:: Dataset extract

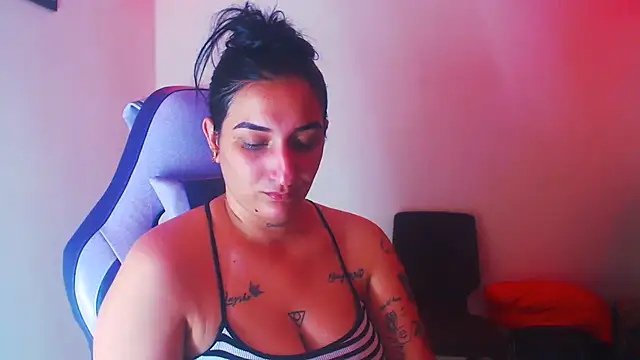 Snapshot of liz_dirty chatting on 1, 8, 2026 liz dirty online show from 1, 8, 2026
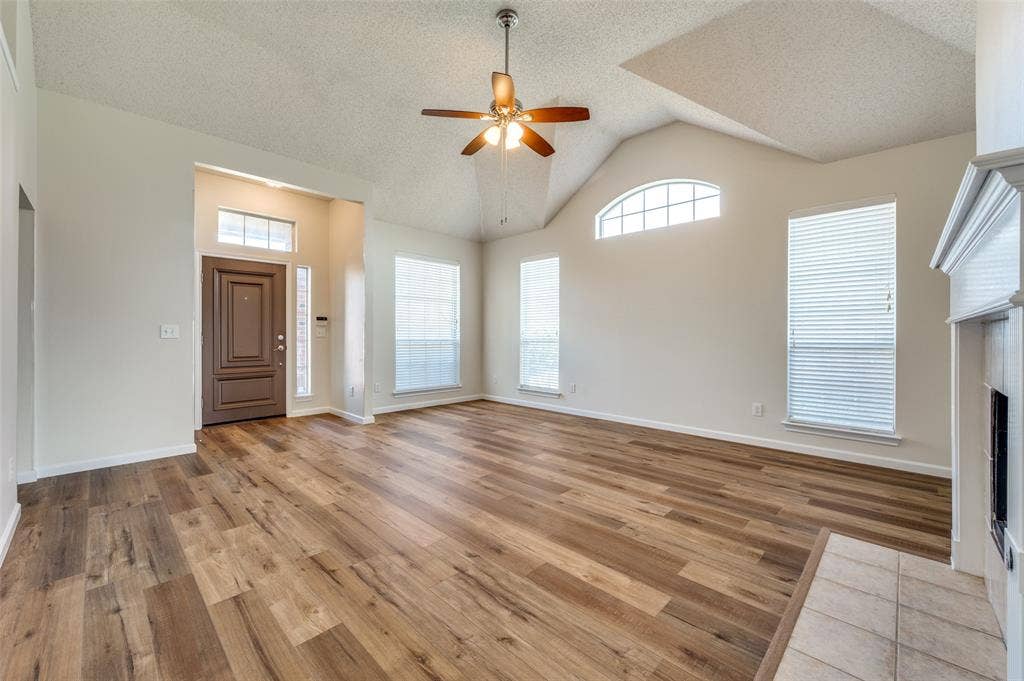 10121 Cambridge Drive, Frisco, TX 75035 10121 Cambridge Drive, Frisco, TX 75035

::::
:: Dataset extract

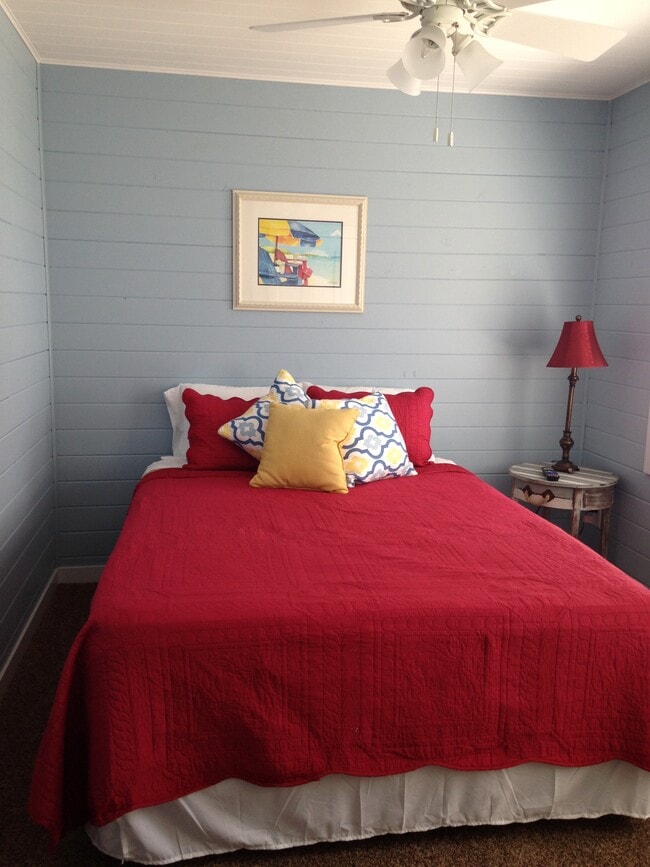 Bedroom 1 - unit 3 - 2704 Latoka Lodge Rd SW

::::

After locating "Snapshot of liz_dirty" and "10121 Cambridge Drive, Frisco, TX 75035 10121" in the records above, return exactly the line holding each one and every line between them; leave out the pictures.

→ Result of this exercise:
 Snapshot of liz_dirty chatting on 1, 8, 2026 liz dirty online show from 1, 8, 2026
 10121 Cambridge Drive, Frisco, TX 75035 10121 Cambridge Drive, Frisco, TX 75035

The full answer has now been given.